Saturday, October 24, 2009

How to Stop a Buck

--- Prelude , 6:19 pm ---

The first storms of the season have arrived. A dying hurricane from the other side of the Pacific Ocean slammed into the central California coast last Tuesday. In 24 hours, it delivered 7" of rain in the La Honda area, 25% of the average annual total.

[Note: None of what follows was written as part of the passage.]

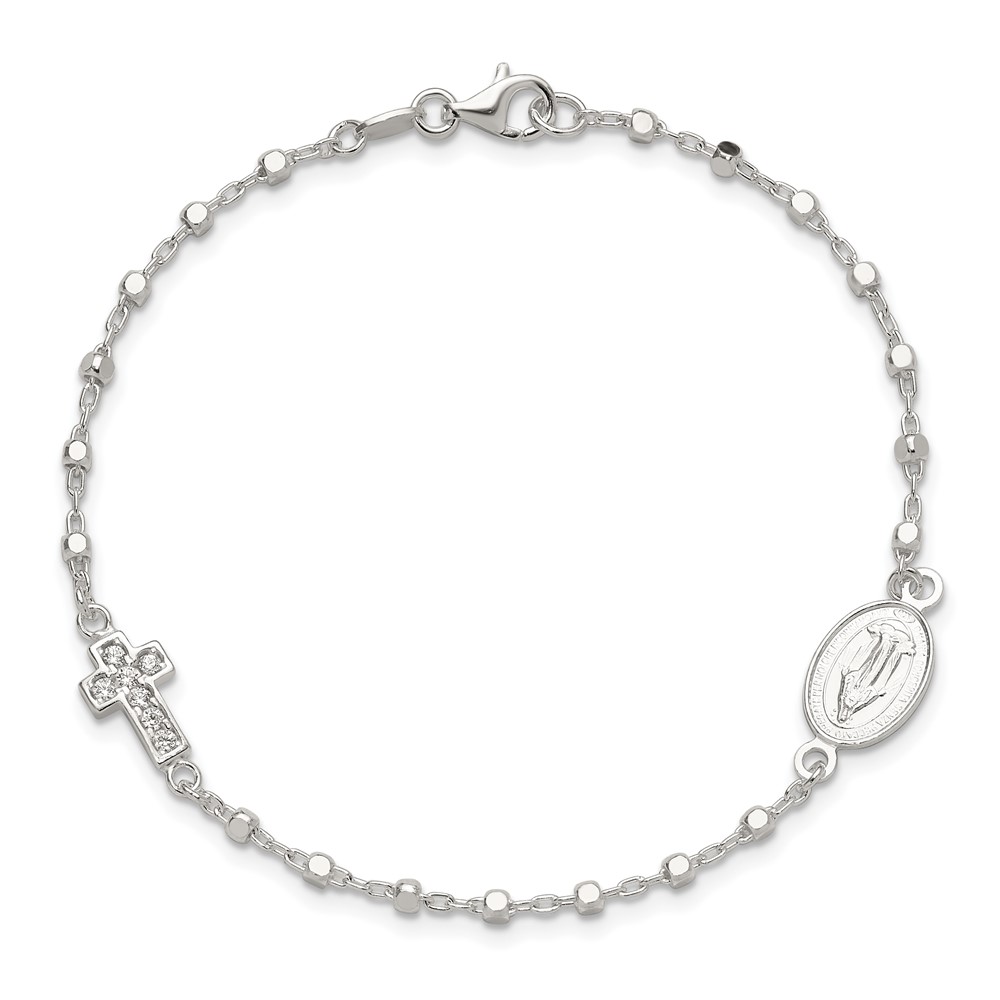 Sterling Silver Polished with CZ Cross and Miraculous Medal 7.5in Bracelet (QG6563-7.5)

--- The kiss of purple, 6:42 pm ---

For a few days before and after a storm, pressure fronts shuffle in shapely clouds. On Saturday, I walked up to the high pasture at twilight and witnessed spectacular orange, pink and red clouds steaming in off the ocean. Squatting on the side of a grassy hill, I oohed and aahed as the scene changed every 30 seconds and clicked away on my camera.

--- 6:45 pm ---

With the brilliant show on my front side, the pasture was getting darker on my backside. I sensed that something was moving and perhaps watching me from the forested area to the right, yet I didn't want to turn away from the sky play or put down my camera. Finally, I glanced over when I heard a noise. A buck was running straight towards me. I quickly stood up in surprise, and in response, the buck halted and gave me a startled look.

--- "Whoa, what was that? You aren't a doe." ---

We assessed each other. He was the 2 x 2 buck (2 antler points on each side) I had seen lurking last week on the edge of the courting oak above the house where he was being ignored by the dominant 4 x 4 buck. I quickly snapped a photo of him and the camera flash went off in the darkening meadow. The bright light sent the buck (probably partially blinded) into the forest and a doe appeared out of nowhere to follow him.

--- Sliding into redness, 6:50 pm ---

I went back to photographing the colorful skies, but in a few minutes, I had the same feeling again. I looked towards the forest, but did not see the 2 x 2 buck. Turning further around, I realized how dark it was getting and then saw a large buck charging straight down the hill above me. He was far away but coming fast and getting larger. Several does were scattering down the hill behind him.

--- Buck Number 2 - looking big & determined. ---

At this point, I was standing up again. After all the months of watching deer run away, I couldn't believe this buck was intentionally charging me until I saw him tear through the open spot in the fence and turn resolutely in my direction. As his shaking rack got closer, I could tell he was the 4 x 4 buck I had seen consorting with does last week under the courting oak. I figured he had mistaken me for another doe to add to his harem, even though I was wearing a faded pink shirt and maroon sweat pants. Colors and details were blurring in the pasture with the oncoming dusk. Deer have a much keener sense of smell than eyesight. Any second, I expected the buck would realize his mistake and peel off in another direction.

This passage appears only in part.